Sekarang, teman saya yang eks PTT dan kini jadi PNS fungsional di daerah dia PTT dulu, sering sharing dengan saya. Karena posisi saya di Pusat, tentu dia mengharapkan saya bisa menjelaskan berbagai masalah yang terjadi di daerah kenapa dibiarkan berlarut-larut oleh Pusat. Biasanya urusannya penyelewengan dana. Program Pusat yang bersentuhan langsung dengan Puskesmas adalah BOK, Jampersal, dan Jamkesmas (mungkin masih ada lagi, tapi saya taunya cuman itu). Dari sejak saya PTT Jamkesmas sudah mulai diberlakukan, dan saya mengerti bagaimana dana kapitasi Jamkesmas di Puskesmas itu menjadi sumber konflik. Kini datang BPJS, apakah Indonesia sudah siap?
Di sisi lain pelayanan kesehatan itu nggak bisa hanya dilihat dari satu sisi.
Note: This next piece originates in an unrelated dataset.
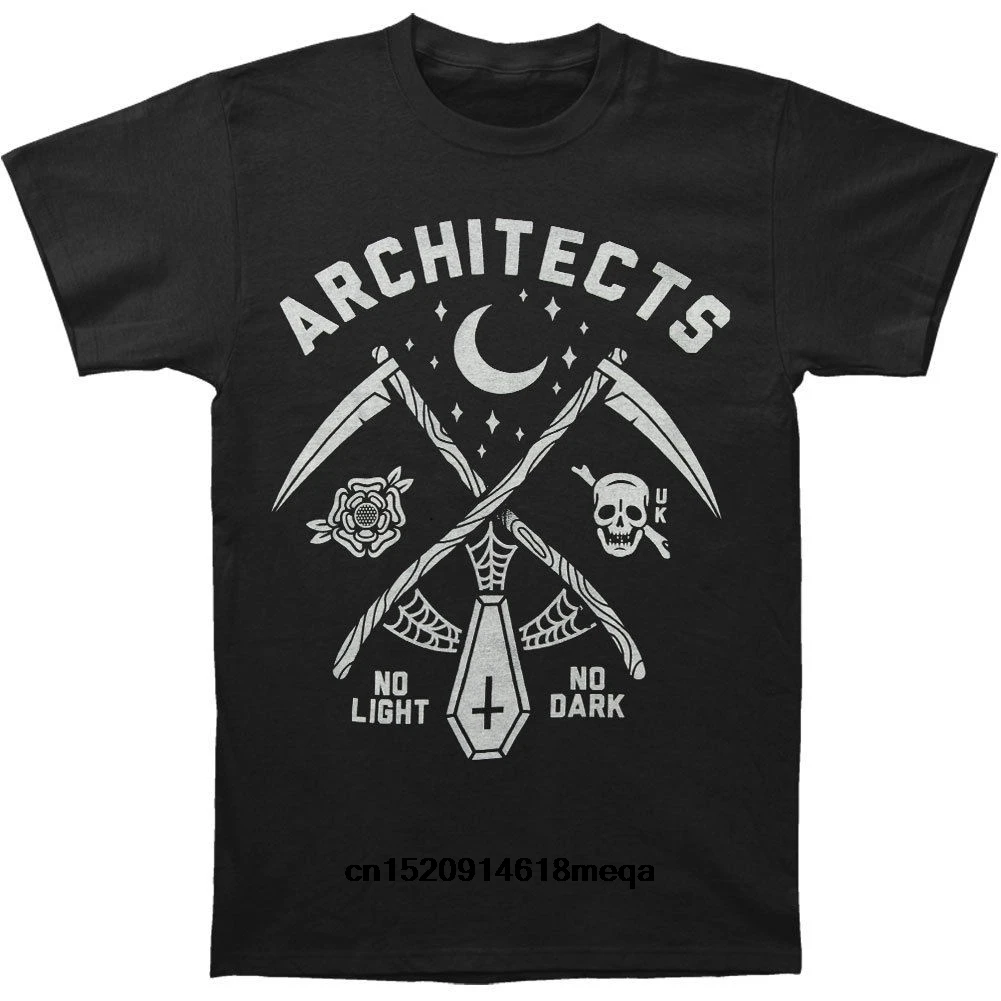 funny t shirts Architects Men's No Light T-shirt Black Summer T-shirts |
Karena yang namanya pelayanan kesehatan melibatkan berbagai profesi di dalamnya, bukan hanya dokter. Lucunya saat ini tren yang berkembang adalah berbagai profesi ini justru mengedepankan ke’aku’an masing-masing tanpa mempedulikan sesama profesi pelayanan kesehatan lainnya. Perawat ingin bisa praktek, dokter protes karena apa bedanya sama dokter kalo perawat bisa praktek? Perawat bilang, loh bidan aja bisa praktek. Masa perawat yang kalo diliat tingkat pendidikannya setara dengan dokter (S1 dan plus profesi Ners) nggak bisa buka praktek pribadi?
Tren yang berkembang ini membuat saya prihatin, karena setelah bekerja di Pusat, saya melihat sendiri bahwa yang namanya kebijakan nggak bisa hanya mementingkan satu pihak saja. Nggak ada kebijakan yang bisa memuaskan semua pihak, it’s true, tapi at least sebuah kebijakan yang baik bisa menengahi semua pihak. Jika ke’aku’an ini yang justru berkembang, bagaimana bisa dibuat kebijakan yang baik?
Jadi inget jaman penjajahan dulu bermunculan organisasi-organisasi daerah, berjuang di daerah masing-masing tapi lupa sama persatuan dan kesatuan. Cita-cita memperoleh kemerdekaan justru sulit tercapai saat berjuang berpisah-pisah begitu.
Singkat kata, saya yakin dengan itikad baik semua profesi kesehatan. Saya yakin semuanya menginginkan hal yang sama: Indonesia Sehat dan tentu saja kesejahteraan setiap profesi kesehatan terjamin. Jadi, ayo sama-sama memperjuangkan cita-cita itu dan melupakan ke’aku’an masing-masing sejenak. Jika sistem pelayanan kesehatan yang baik sudah tercipta di negeri ini, saya yakin kesejahteraan profesi kesehatan pun akan meningkat dengan sendirinya, akan lebih dihargai dan lebih  dicintai oleh masyarakat.
You might say I’m a dreamer, but hopefully I’m not the only one.
dr. Rini Haryanti, work at Subbag Kepegawaian Ditjen Bina Upaya Kesehatan, Kementerian Kesehatan RI.
Was PTT at Puskesmas dengan status ST di Provinsi NTT.
Dengan sedikit kutipan dari ‘Imagine’ by John Lennon


PS. Jika ada hal-hal yang tidak akurat dan tidak tepat dari tulisan ini mohon agar dikoreksi, pengetahuan penulis terbatas soalnya….

Minggu, 10 Februari 2013

DOKTER RUM vs PASIEN RUM


Rational Use of Medicine (RUM) atau Rational Use of Drugs (RUD), ada yang familiar dengan istilah ini? Saya pribadi sebagai seorang dokter tentunya familiar, tapi baru tahu kalo disingkat2 RUM sama RUD saat saya menjadi seorang ibu dan bergabung dengan sebuah milis yang isinya ibu2 semua, eh ada juga sih bapaknya tapi jarang….
Ternyata sekarang tren orangtua2 muda adalah mencari dokter yang RUM. Agak asing buat saya, karena selama ini pengalaman jadi dokter praktik ya di Puskesmas terpencil, pasien2 saya waktu itu boro2 mikirin RUM, dateng ke Puskes dalam keadaan  bersih kinclong aja jarang…..(but it’s another story , pemirsah).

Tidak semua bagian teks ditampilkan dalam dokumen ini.